Aquiles y la tortuga (Takeshi Kitano, 2008)
Recordemos en este punto que Takeshi Kitano no es solo un brillante cineasta con un mundo propio muy reconocible, sino que además dedica gran parte de su talento a la pintura —tanto aquí como en Hana-Bi: Flores de fuego (1997), por ejemplo, todas las pinturas que aparecen son de su autoría—. En Aquiles y la tortuga, basada en la conocida paradoja de Zenón de Elea (que enunciaba que Aquiles nunca sería capaz de alcanzar a la tortuga en una carrera si este le dejaba ventaja), el cineasta reflexiona sobre la complejidad del mundo del arte a través de un pintor mediocre que dedica su vida a tratar de alcanzar el éxito.
Enunciando como pocas esa lucha interna que nace entre lo comercial y lo auténtico —reñido o no, es una pregunta de difícil respuesta—, en esta fábula metalingüistica Kitano se pronuncia sobre el acto de la creación y disecciona las líneas que separan el talento de la mediocridad, el triunfo del fracaso.
Midnight in Paris (Woody Allen, 2011)
Woody Allen siempre tuvo tendencia a escribir sobre el arte y su momento inicial, la moral y la ética artística y personal, e incluso se ha lanzado en varias ocasiones a interpretar a genios de la literatura como Fiódor Dostoyevski. En Midnight in Paris, y bajo la apariencia de una comedia ligera, el neoyorquino pone el foco sobre un escritor norteamericano que se encuentra, en un giro fantástico de los acontecimientos, con personalidades del mundo artístico del calado de Dalí, Hemingway o F. Scott Fitzgerald. A través de las conversaciones —a veces hilarantes, a veces densas y profundas— que el protagonista mantiene con ellos, vamos extrayendo poco a poco filosofía del arte, de cómo la personalidad de cada uno de ellos genera una aproximación diferente al mismo objeto.

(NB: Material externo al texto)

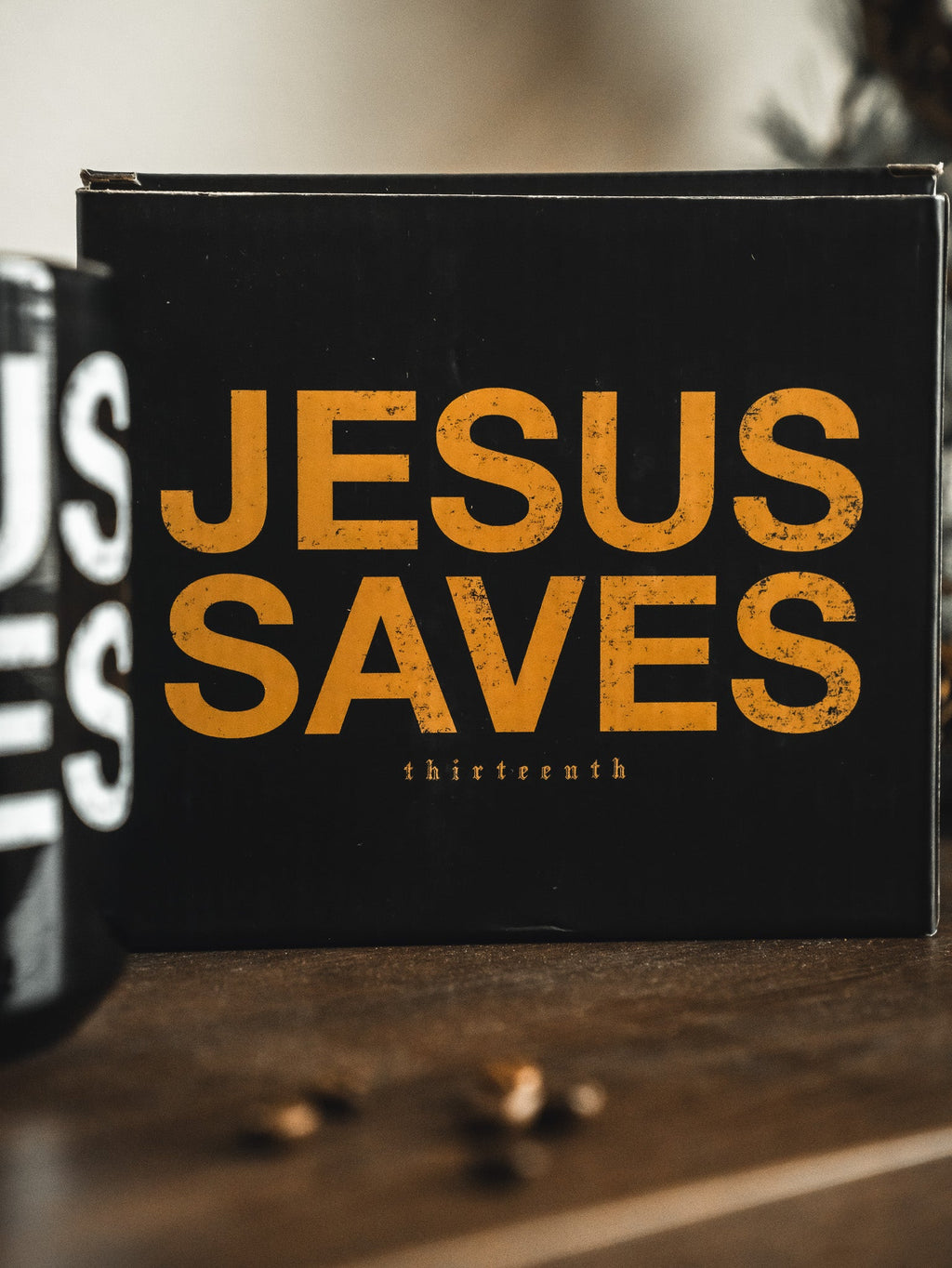Black gift box with orange 'JESUS SAVES' text and 'thirteenth' on front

A pesar de estar escrita y dirigida en clave de humor, consigue aportar interesantes momentos al debate de la creación artística —la comedia como género infravalorado—, y perdura en la memoria tanto por lo frívolo como por lo profundo.
Loving Vincent (Dorota Kobiela, Hugh Welchman, 2017)

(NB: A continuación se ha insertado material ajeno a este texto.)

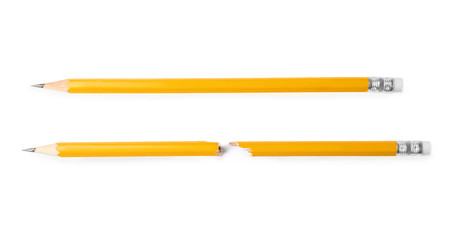 Broken and whole graphite pencils on white background, top view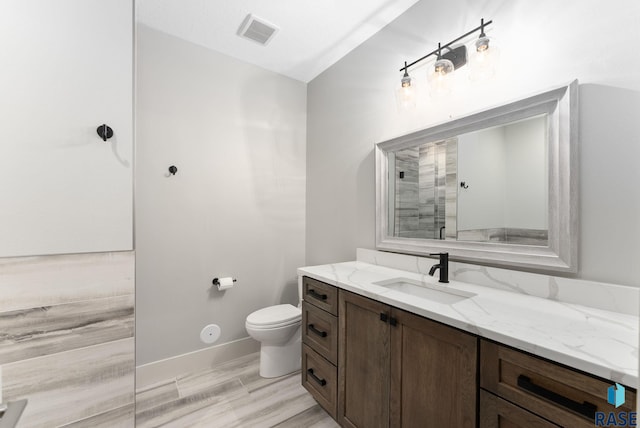 bathroom featuring vanity, hardwood / wood-style floors, and toilet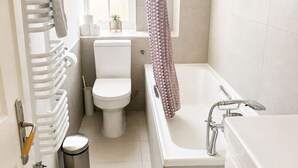 Kylpyhuone, jossa on wc, kylpyamme, suihku ja patteri.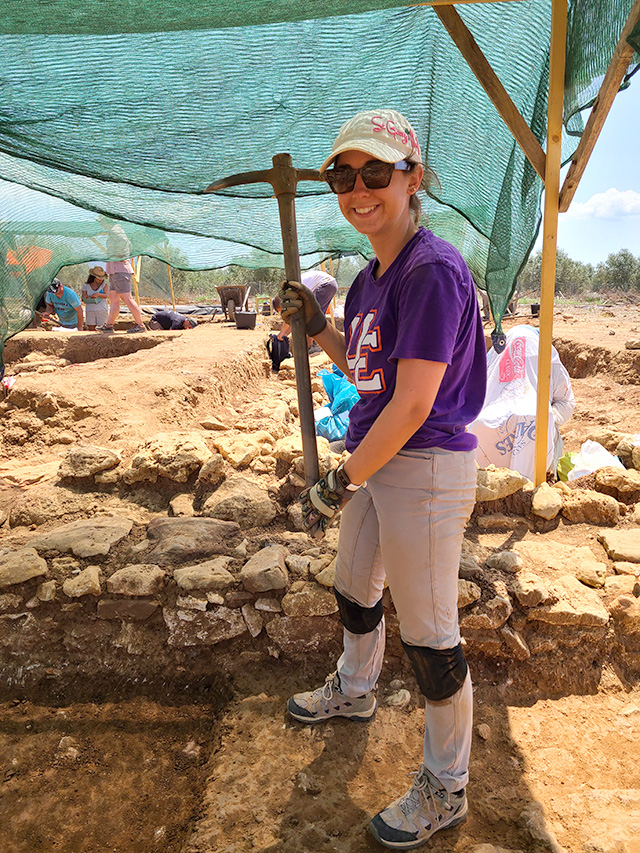 UE student Anna Robbins digging at archaeology site.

Y acabamos como empezamos, con Vincent Van Gogh. Un prodigio técnico y artístico de la animación, en el que utilizaron algo más de 55000 fotogramas, todos y cada uno de ellos pintados al óleo —e integrados mediante rotoscopia— por una plétora de artistas que imitaron para la ocasión el estilo del holandés. Desde un punto de vista artístico supone todo un hito, pues es la primera vez que un largometraje de estas características se lleva a término; siguiendo por ahí, propone un estilo que incita, indirectamente, a adentrarse en las virtudes de la narración pictórica.
La cinta arranca con el pintor ya fallecido, girando la trama alrededor de su suicidio y desarrollándose a través de flashbacks. Si bien desde el guión no resulta innovadora —hereda su estilo narrativo de Ciudadano Kane (Orson Welles, 1941)—, es su carga estética la que aporta esa faceta reflexiva que la define, además de explorar esa fascinación por la cotidianidad del arte que caracterizaba a Van Gogh.

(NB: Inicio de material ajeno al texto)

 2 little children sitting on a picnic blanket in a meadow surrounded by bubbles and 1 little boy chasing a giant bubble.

Como decíamos, hay tantas maneras de enfrentarse al arte como artistas. Más allá de integrar un simple debate estético, el modo en que es concebido va a repercutir directamente en la obra en sí misma; la idiosincrasia de una pintura, un poema, un libro, una canción, una película está íntimamente relacionada con el modo de entender el proceso creativo de su autor, por lo que si como amantes del arte dedicamos tiempo y esfuerzo a entender esta génesis, estaremos incrementando tanto el valor de la obra como del artista.